▸ PROBLEM DETAILS
Where a line contains the word "Women", copy that line from the records below.

▸ GIVEN DATA
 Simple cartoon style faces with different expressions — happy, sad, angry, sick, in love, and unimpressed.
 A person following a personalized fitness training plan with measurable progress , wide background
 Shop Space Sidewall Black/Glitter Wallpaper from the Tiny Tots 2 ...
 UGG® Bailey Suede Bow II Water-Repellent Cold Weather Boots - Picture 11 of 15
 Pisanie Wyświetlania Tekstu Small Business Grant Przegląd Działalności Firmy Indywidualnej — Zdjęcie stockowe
...
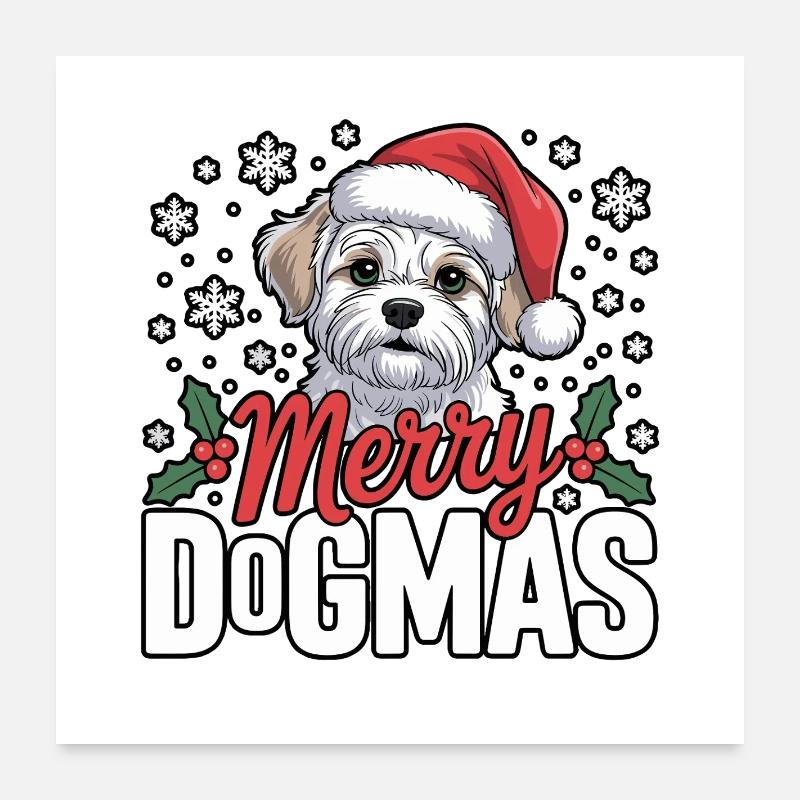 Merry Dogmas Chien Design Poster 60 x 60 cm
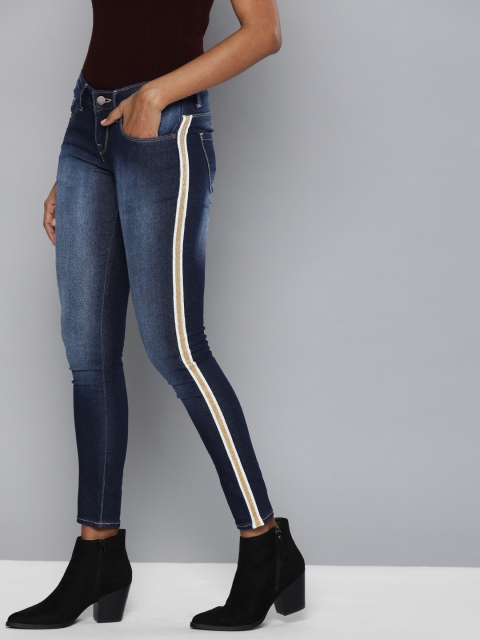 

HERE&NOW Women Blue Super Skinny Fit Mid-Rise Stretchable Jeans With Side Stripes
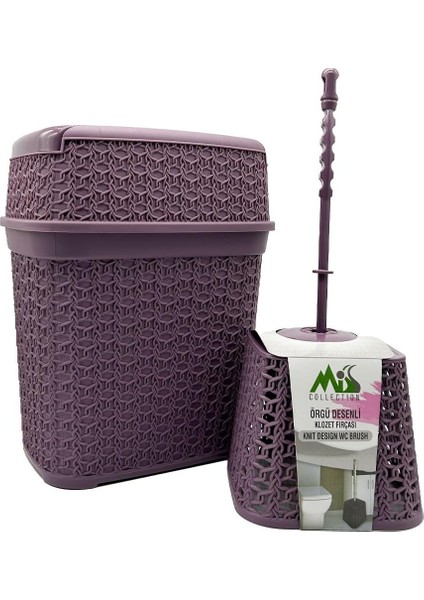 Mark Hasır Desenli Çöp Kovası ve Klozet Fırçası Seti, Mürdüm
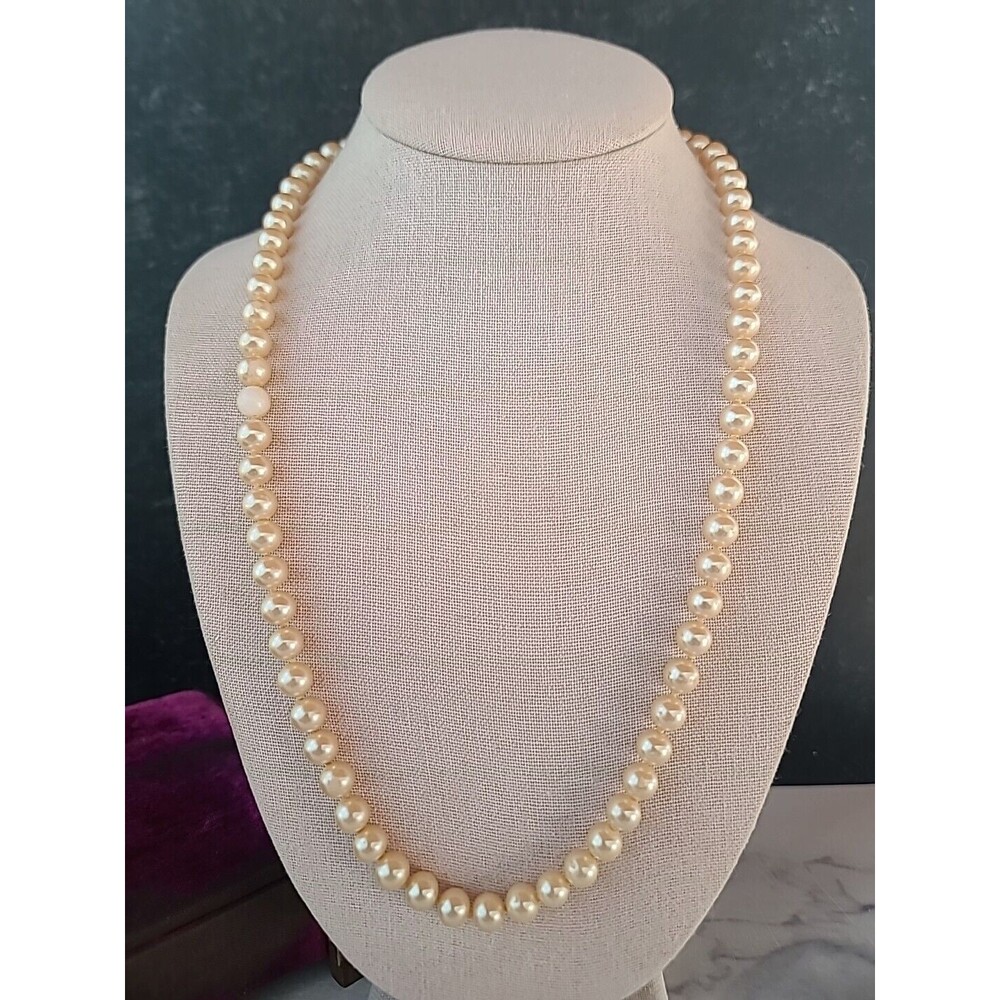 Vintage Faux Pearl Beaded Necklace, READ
==
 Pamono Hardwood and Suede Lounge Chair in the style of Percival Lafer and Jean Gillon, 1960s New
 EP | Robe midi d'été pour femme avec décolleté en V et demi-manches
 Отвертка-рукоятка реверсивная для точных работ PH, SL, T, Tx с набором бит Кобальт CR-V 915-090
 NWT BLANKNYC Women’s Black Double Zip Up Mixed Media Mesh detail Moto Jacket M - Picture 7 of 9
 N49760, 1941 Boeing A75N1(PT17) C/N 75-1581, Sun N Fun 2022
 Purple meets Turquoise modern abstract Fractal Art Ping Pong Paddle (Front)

▸ ANSWER TO THIS TASK
HERE&NOW Women Blue Super Skinny Fit Mid-Rise Stretchable Jeans With Side Stripes
 NWT BLANKNYC Women’s Black Double Zip Up Mixed Media Mesh detail Moto Jacket M - Picture 7 of 9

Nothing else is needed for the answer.